TASK PROMPT ▸
Entries follow. Give back exactly the lines starting at the one containing "One 1/2 Size 4 Inch Deep Hotel Pan." and ending at the one containing "12 Pcs Hello", and no other lines.

RECORDS FOR THE EXERCISE ▸

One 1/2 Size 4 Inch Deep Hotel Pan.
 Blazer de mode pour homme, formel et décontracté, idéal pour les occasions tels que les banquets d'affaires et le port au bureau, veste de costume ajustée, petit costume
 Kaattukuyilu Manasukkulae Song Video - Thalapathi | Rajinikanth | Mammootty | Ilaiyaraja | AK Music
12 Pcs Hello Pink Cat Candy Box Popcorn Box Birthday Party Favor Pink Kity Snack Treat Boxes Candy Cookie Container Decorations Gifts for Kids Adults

--

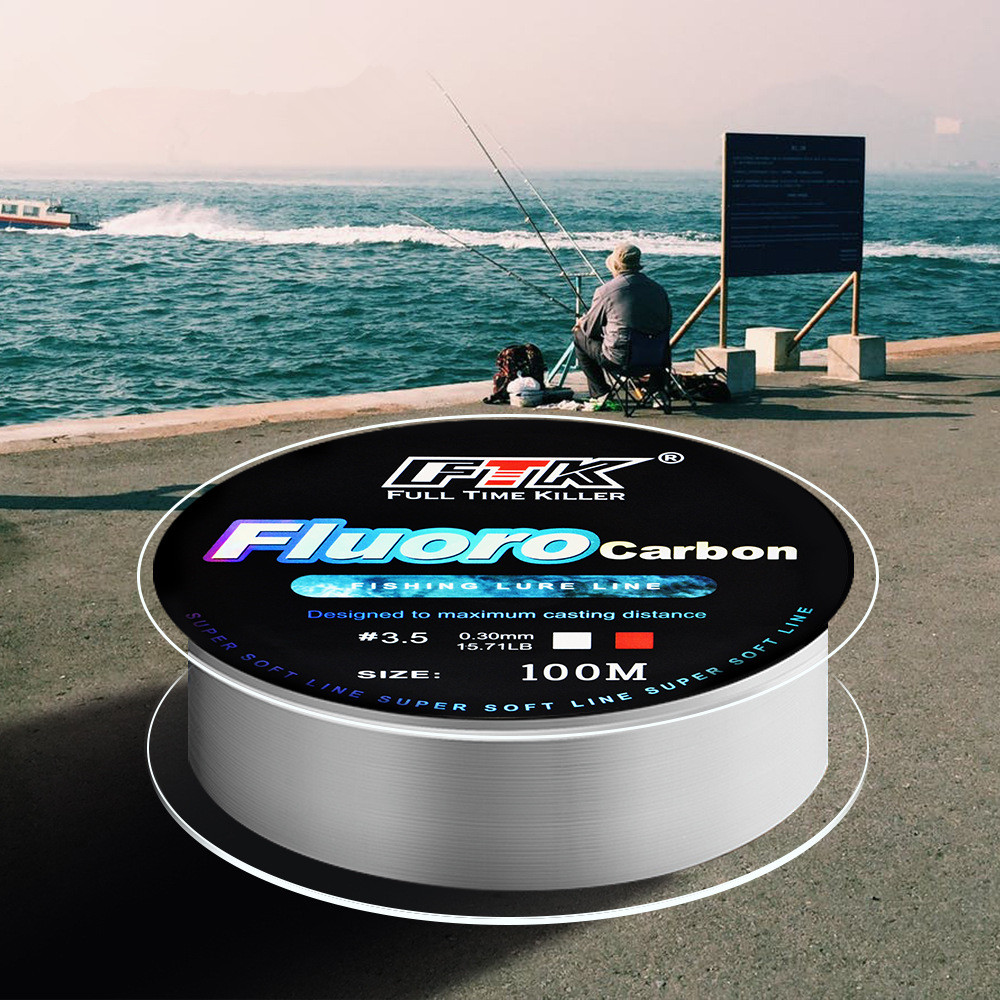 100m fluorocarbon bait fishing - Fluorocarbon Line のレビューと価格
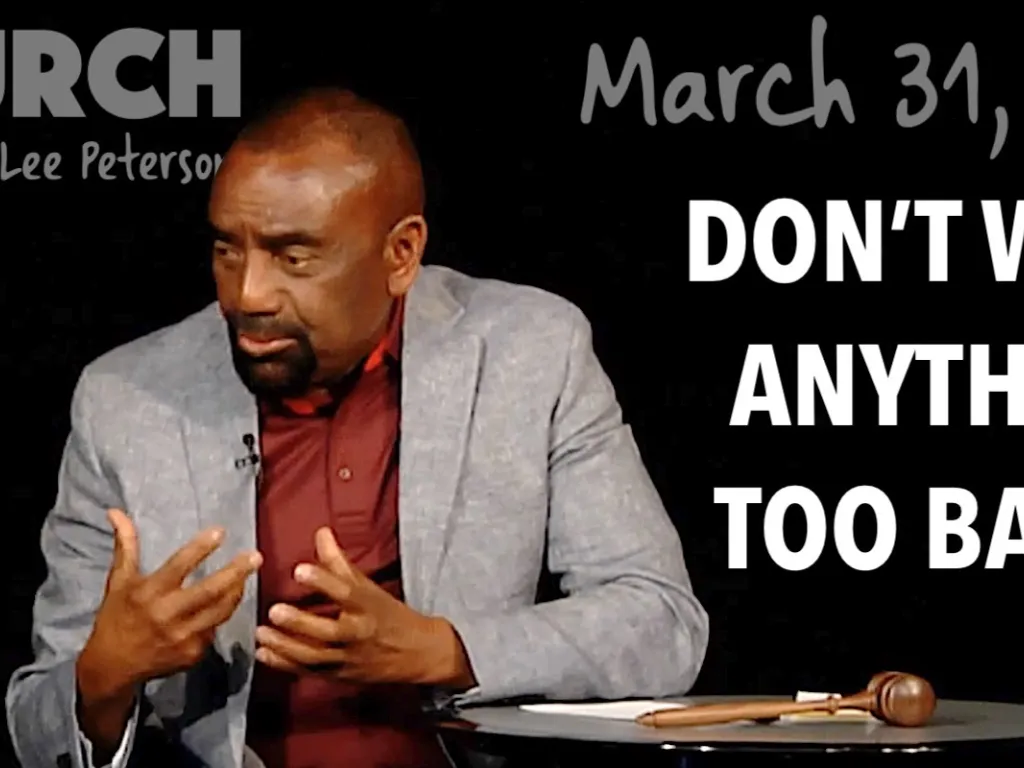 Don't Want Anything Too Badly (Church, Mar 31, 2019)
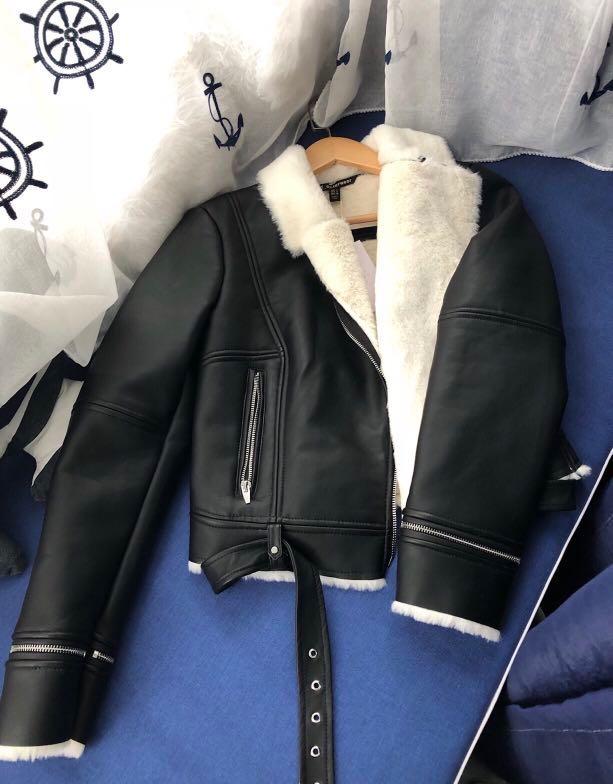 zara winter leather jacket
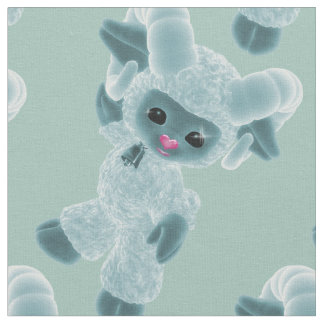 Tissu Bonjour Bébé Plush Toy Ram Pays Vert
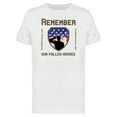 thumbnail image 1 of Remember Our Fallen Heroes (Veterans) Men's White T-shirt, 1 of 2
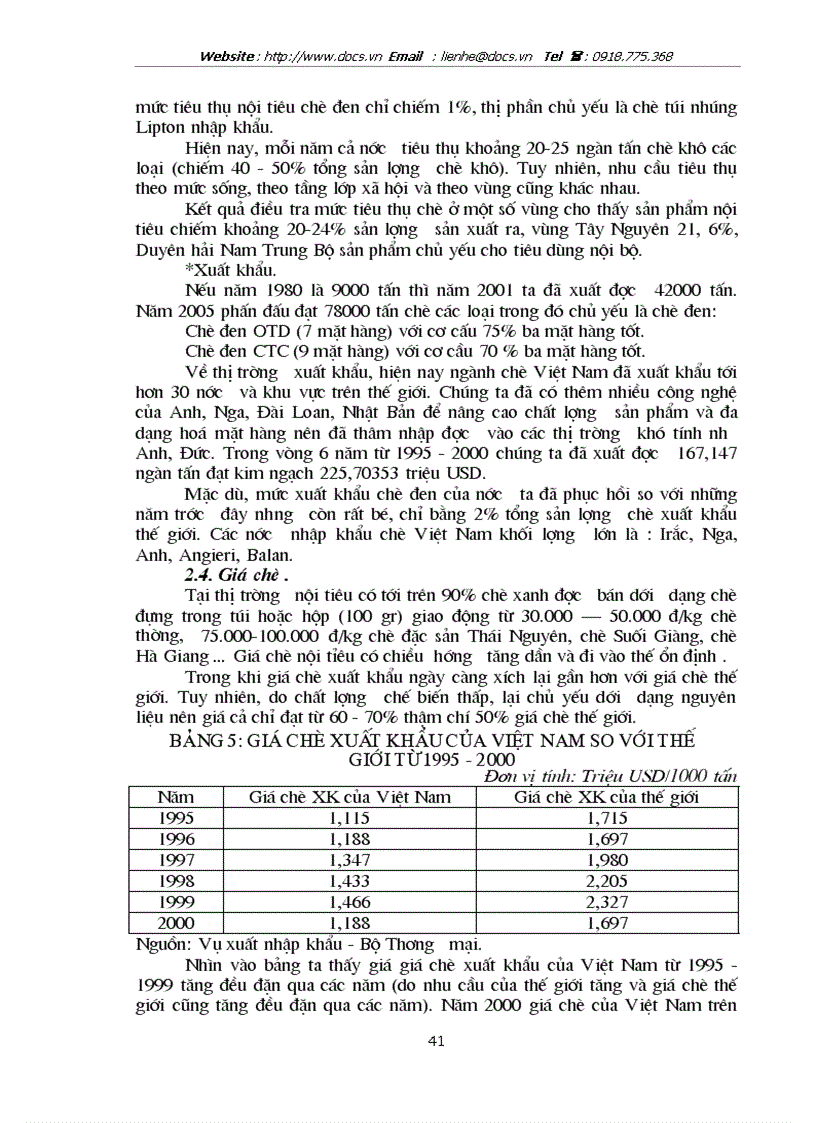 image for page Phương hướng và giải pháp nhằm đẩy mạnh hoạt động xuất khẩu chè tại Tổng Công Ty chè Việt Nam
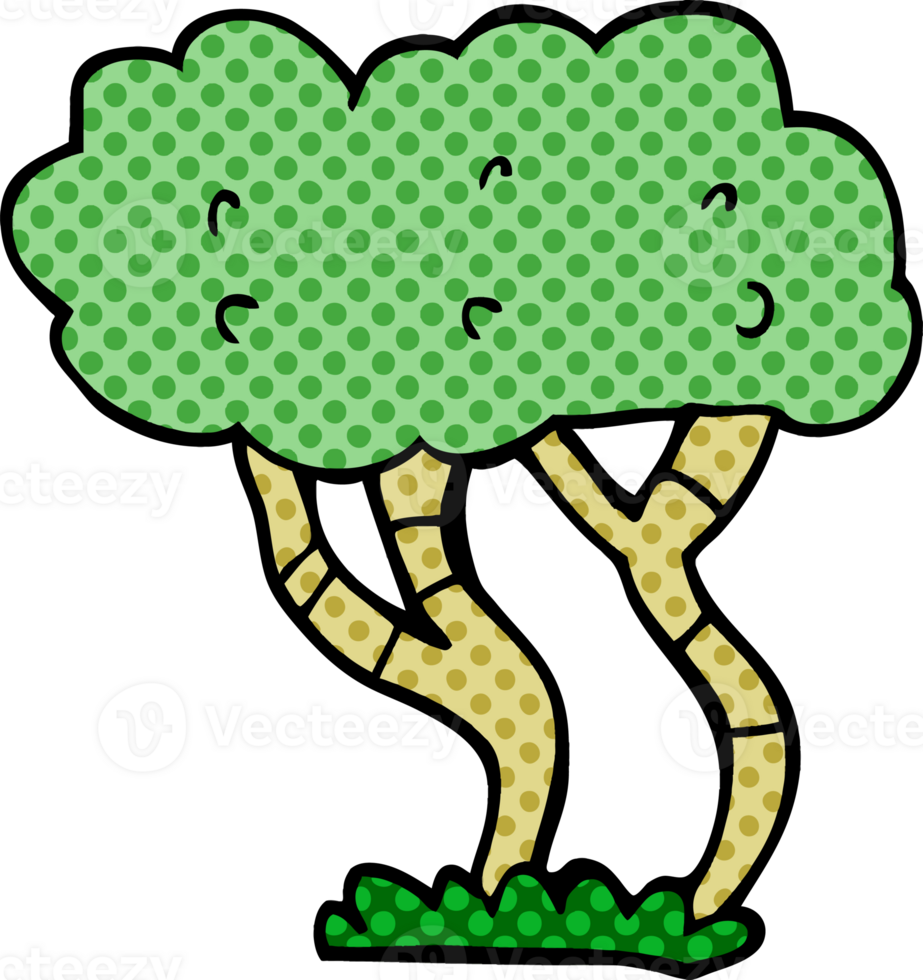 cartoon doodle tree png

OUTPUT OF THE EXERCISE ▸
One 1/2 Size 4 Inch Deep Hotel Pan.
 Blazer de mode pour homme, formel et décontracté, idéal pour les occasions tels que les banquets d'affaires et le port au bureau, veste de costume ajustée, petit costume
 Kaattukuyilu Manasukkulae Song Video - Thalapathi | Rajinikanth | Mammootty | Ilaiyaraja | AK Music
12 Pcs Hello Pink Cat Candy Box Popcorn Box Birthday Party Favor Pink Kity Snack Treat Boxes Candy Cookie Container Decorations Gifts for Kids Adults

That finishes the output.